Currently Reading: Sorority Girl Pledge, by Cheryl Dragon. I think I'm on chapter six or seven. Haven't read it since Friday.
I missed the workshop/discussion on the Novel Sisterhood on Sunday, because my mom's computer refused to let me sign in to my Yahoo account. Which is weird, because I successfully signed in Saturday night for Anny Cook's chat, even though I'd forgotten about it and only 'chatted' for the final 30 minutes! And didn't have access to my TBB list, so I'll have to go back and reread the excerpts.
Okay...got sidetracked for a minute. But it's the first day of Summer Break; I arrived home to a messy house and no coffee or tea bags. I had to make an early morning run to the store so I could have breakfast! So forgive me if I wander all over the place.
1) What is the first thing you do to research?
First of all, I write about what I already know. But last summer, when the character of a man who had spent time in prison entered my head, I did have to ask a law enforcement official about prison term lengths, and how long certain offenses warrented different prison sentances.
When I was writing my eating disorder book, I actually called a clinic and spoke to a therapist about how someone with anorexia would be 'rehabillitated'. And it took her several minutes to realize I was not just someone in denial; I really was doing legitimate research on the disorder! For the record, I was blessed with a wonderful metabolism in my teens and early 20's and could eat pretty much whatever I wanted. 3 kids and twenty years later has slowed it somewhat, but I like food too much to ever do that to my body. I'm somewhat comfortable with my extra 30 pounds, and as long as I exercise and don't go too crazy with certain foods, I don't obsess over my weight.
My bff knows to expect the random phone call with the dreaded words 'stretch your memory' when I get stumped about when certain events happened. She was also better at flirting, so when my characters need great comebacks, she's the one who supplies them.
So far, the book that I did the most research on was my alternative lifestyle one.

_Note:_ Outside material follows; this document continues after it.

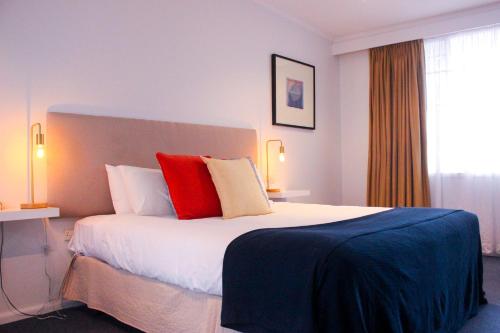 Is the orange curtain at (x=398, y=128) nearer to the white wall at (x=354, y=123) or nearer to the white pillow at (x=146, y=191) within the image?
the white wall at (x=354, y=123)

I actually went to the library and spent several hours looking for articles on microfische about gays in the late 1980's, so I could present both the prejudiced view and the arguments my heroine was making to justify her choice. And as that particular book gets closer to publication, I'll probably conduct some more interviews, and I've already read some gay fiction to see how those authors handled the issue. So I expect to do some revisions in the next couple of years.
2) How do you research a town you've never been to?
Good question. The only place I've not visited, yet written about, was in Love Finds a Way. I interviewed my AF guy extensively on the layout of the George AF Base and Apple Valley; I also pumped a Marine friend who lives in 29 Palms, California, for information about Los Angeles and military men in general.
3) Do you research differently for 10 years or older time periods?
My series takes place twenty years ago; I visit IMDB.com to check for movies, songs, etc so I don't, say for example, having my characters going to see Pretty Woman before it appeared in theaters. And watching reruns of old sitcoms and teen dramas help to stay in touch with the teen mindset of the time period.
4) Any tricks you can share?
I just write as the story flows. If I get stuck on a certain detail, I stop and do specific research. And if I know a certain storyline is approaching and I see literature or an article, I'll pay attention and take notes or cut it out of the paper. For example, in 2003, while visiting a friend in another city, I saw a pamphelt on gambling addiction. Even though this story is still swirling around in my brain, I picked up the booklet and tucked it away for future reference. This seems to work for me; I know other authors who research first and write second. When you find what works best, then stick with it. My sister used to do tons of research, but would have no idea of how to start putting it all together. I spent two hours with her, listening to her describe what she wanted to say and looking at her large pile of notecards. I went through them; put them into piles; and organized her outline. I also started her off with a terrific opening paragraph, which she then developed into a 'B' or 'A' term paper. I did the same when she applied to the JET (Japanese Exchange Training) program which got her accepted and sent to Japan for 2 years. Incidentally, she also met her husband there, so you could say if it weren't for her older sister's written skills....
Okay, maybe that's not quite the case. But it's a thought!
So, what are your research issues? Which comes first, the research or the writing?